The outcome: I love it! It is shorter than I originally wanted, but I think it's fine. And I love the way it looks with black tights and boots. It's pretty lightweight for a skirt, so I probably won't be wearing it much until it warms up, but this is definitely a keeper.


Friday, January 1, 2010

The 28 Days Project

There was an article in the paper yesterday about New Year's Resolutions. About how New Year's Day is sort of an artificial construct, and how people put too much pressure and stress on themselves to change things on THAT day, when there's nothing saying that they can't choose a random day in March to do exactly the same thing. On one hand, I agree with that; people stress out about it and seem less likely to carry out their plans when there's so much at stake. On the other hand, it just feeds into the rationalization I have for putting off until tomorrow (or next week, or six months from now) what I intend to do today. So I had in my mind that January 1st would be THE DAY to start my new endeavors, and after I read that article, for a split second, I thought, "Well, maybe I can wait..."

But NO! That would be continuing the very same behaviors that have been dragging me into a hole for the past few months. So today I begin THE 28 DAYS PROJECT.
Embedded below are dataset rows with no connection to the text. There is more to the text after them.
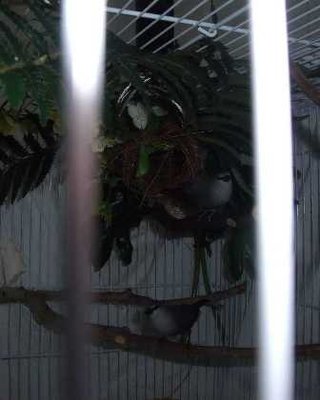 8-3 lavendar pair and nest.jpg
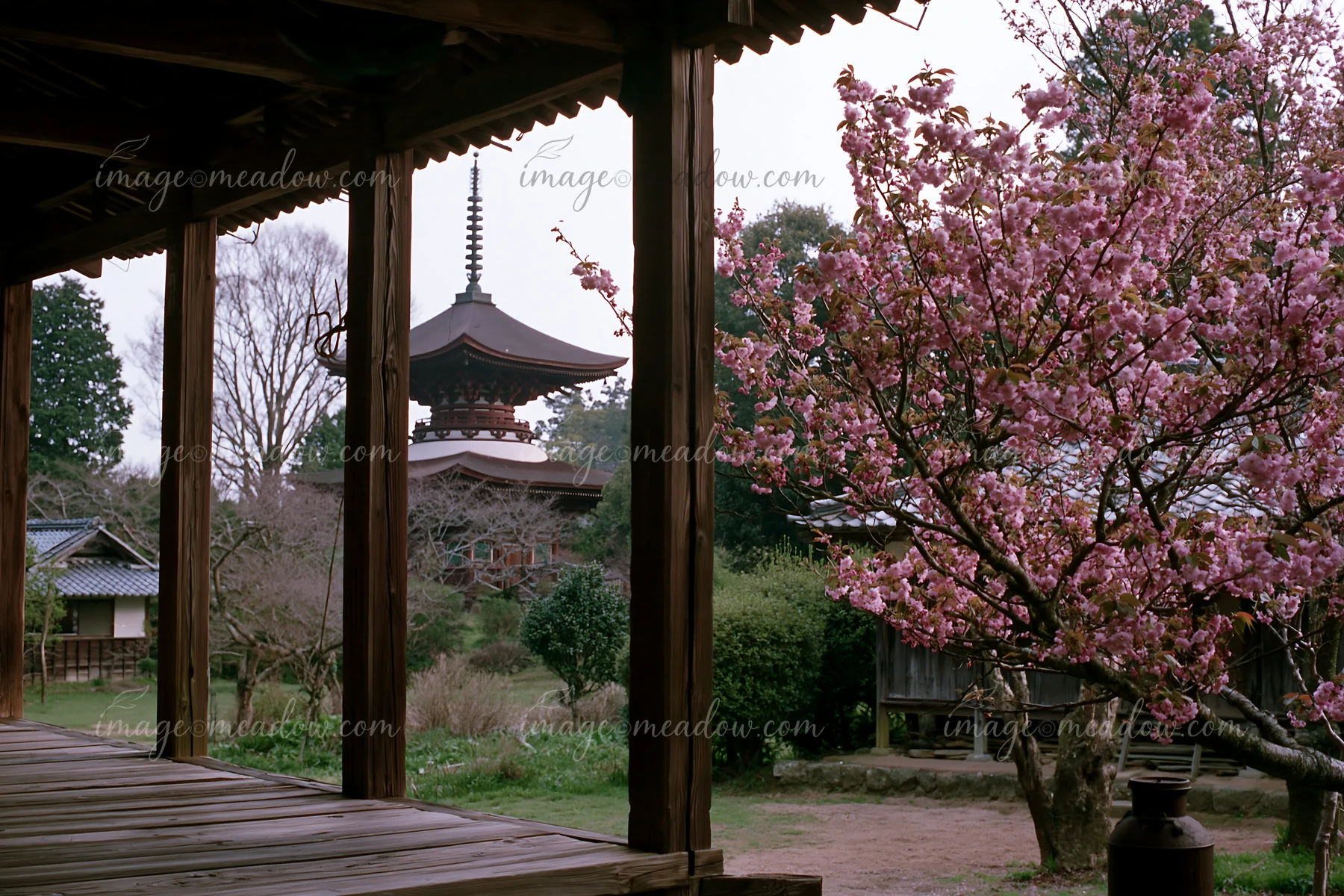 Cherry blossom branches against a Japanese pagoda showcase the beauty of spring.
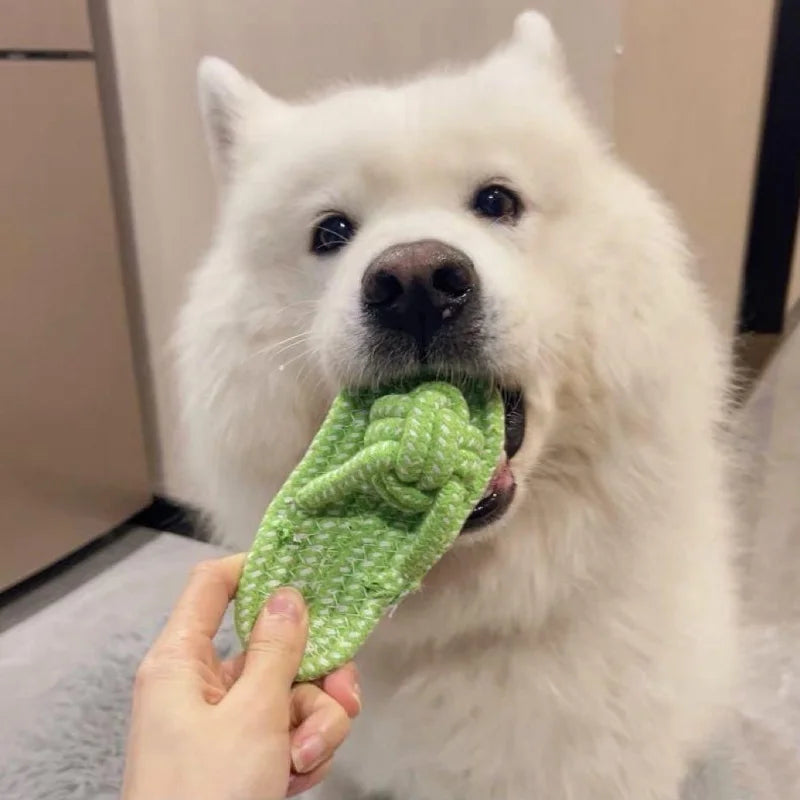 Cotton Rope Chew Toy
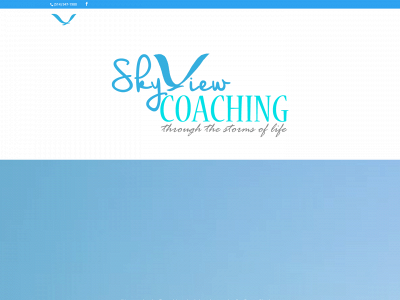 skyviewcoaching.com snapshot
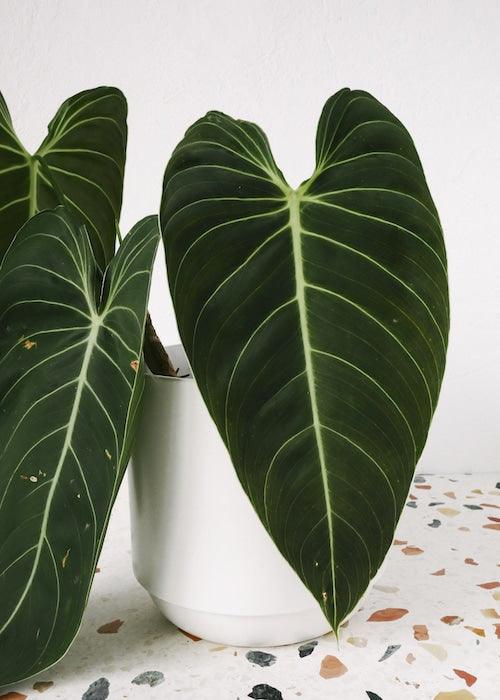 philodendron melanochrysum pink Philodendron Melanochrysum L with lush, velvety leaves
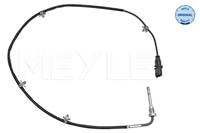 opel Sensor, uitlaatgastemperatuur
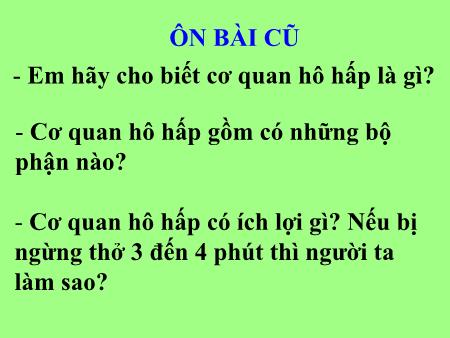 Bài giảng môn Tự nhiên và xã hội Lớp 3 - Tuần 1, Bài: Nên thở như thế nào - Trường Tiểu học Gia Thượng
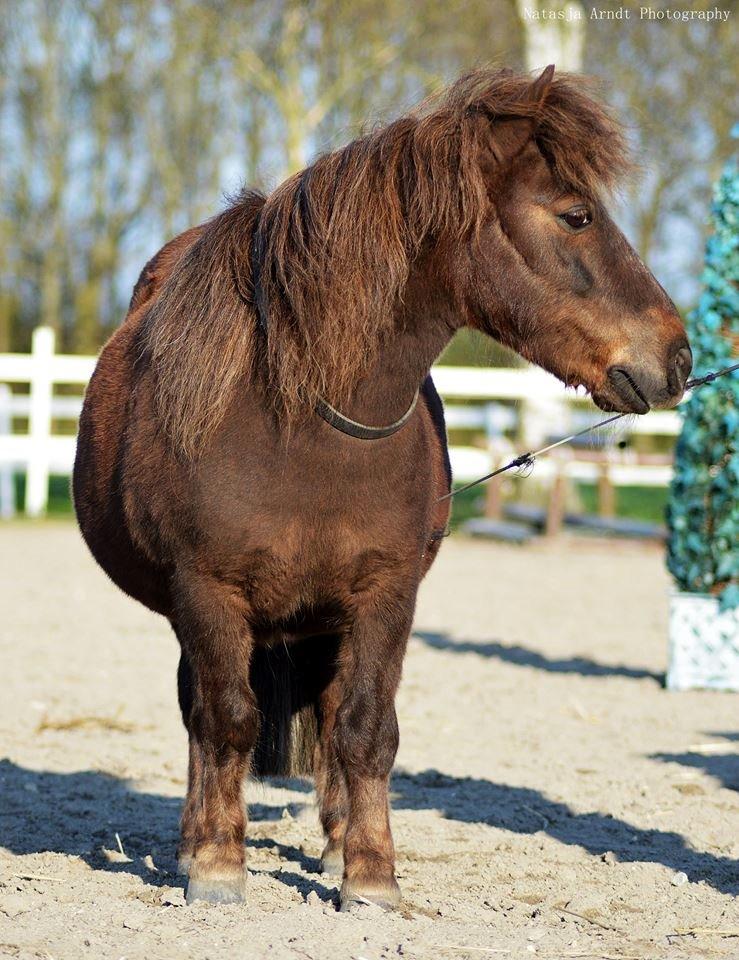 Shetlænder Rambo billede 8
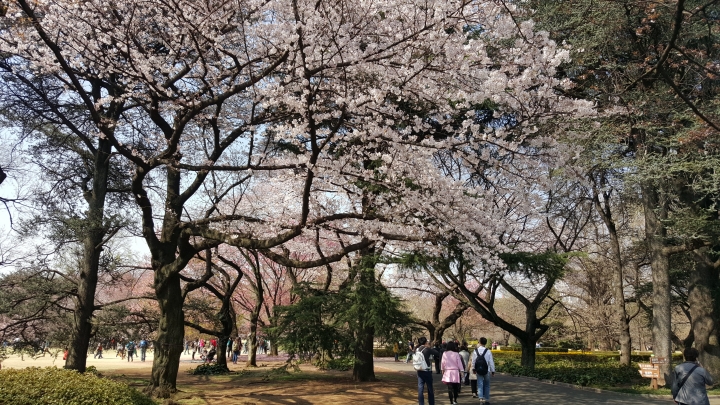 【日本‧東京】前進東京十天九夜築夢之旅（文長）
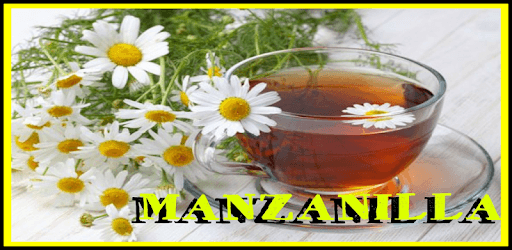 Medicinal healing plants PC screenshot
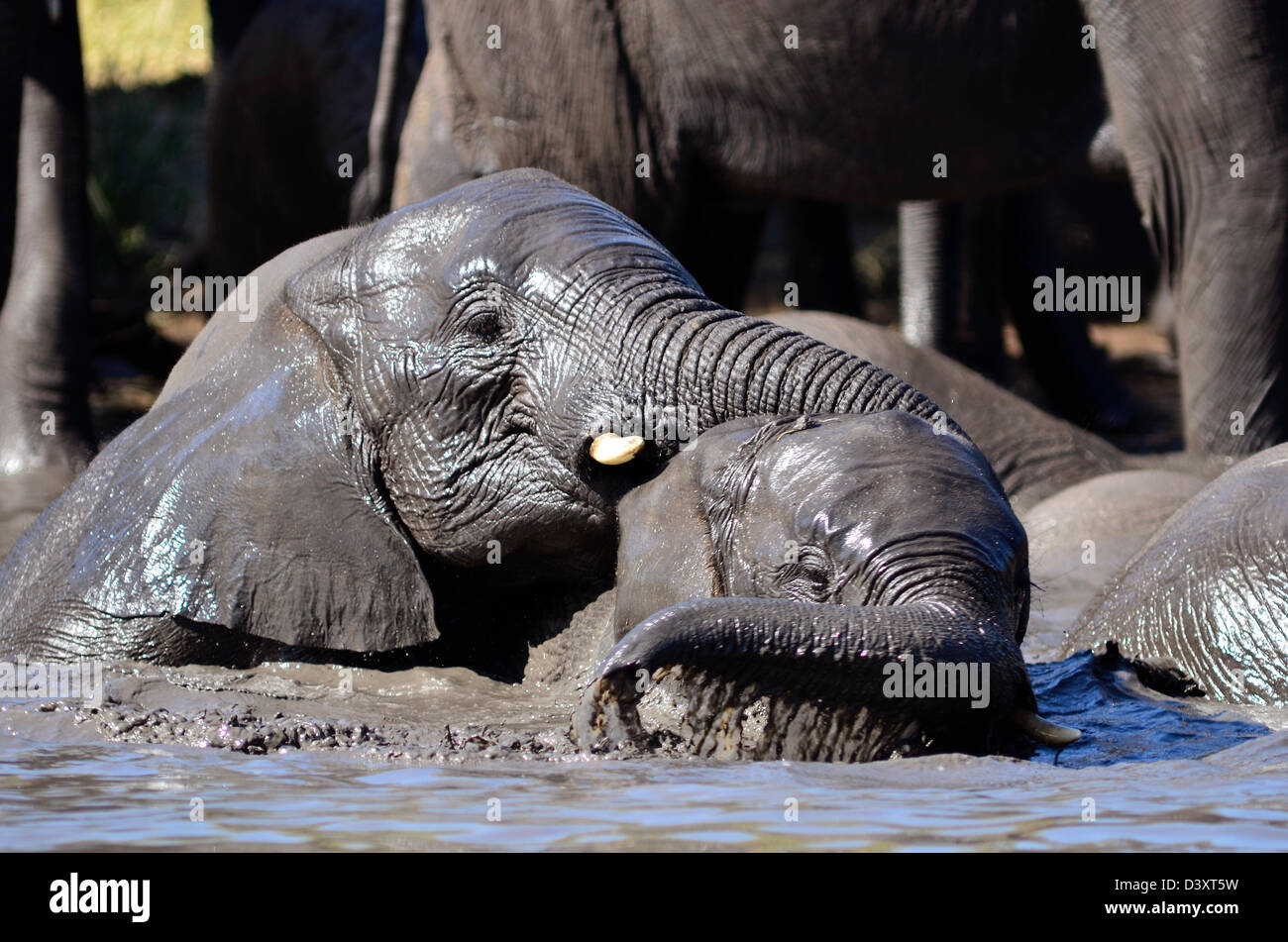 Foto di Africa, Elefanti Africani pianificando in acqua fangosa Foto Stock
Nothing big and fancy, really. In a nutshell, the plan is this: I have a Rubbermaid tub of half-finished craft and sewing projects in the dining room. It looks like this:

The box contains cut-out patterns, fabric that I've been meaning to turn into something specific, materials to make projects I've had in my head, things that just need to be mended...basically, all sorts of projects in all stages of being done and undone. Many are even neatly encased in Ziploc freezer bags, with all of the little parts stored together, to make me feel more organized about the entire mess. Sometimes I start something and hit a rough patch or don't understand the directions for it or just lose enthusiasm for it, and it ends up in this box. I should call it the Good Intentions box, because I really DO mean to finish everything in it. Well, this is the month. By the end of the month, the box will be empty. Or nearly empty. And I will post a completed project every day for 28 days. I will have 28 completed projects (maybe even a head start on some gifts for occasions throughout the year), a clean conscience, and a bunch of stuff to keep me busy in the dark, cold month of January. Plus, a little more room in the dining room. Win-win.

Why 28 days? I understand that January really has 31 days. But I figure that by giving myself three days of leeway, I'm less likely to get discouraged and quit the project entirely. There's bound to be at least one day in the month when I don't feel like doing anything. Or some project in there that takes more than one day to complete. I don't want to miss a day and have an excuse to throw up my hands and just say, "OK, I've failed, I'm done." Plus, 28 Days just sounds cool. Like 500 Days of Summer. It's a specific time frame. There are boundaries. There are limits. I like that, and it makes me feel like there are rules, which always makes me feel better. And, speaking of movie titles (which I was), 28 Days is a movie, too. It all fits together.

And I'm not even behind. I did complete a project today, but it was dark before I finished and I couldn't take it outside to get a good after photo in natural light, so I'll post it tomorrow, instead. So I'm 1 for 1. That's a good feeling on New Year's Day, artificial holiday or not.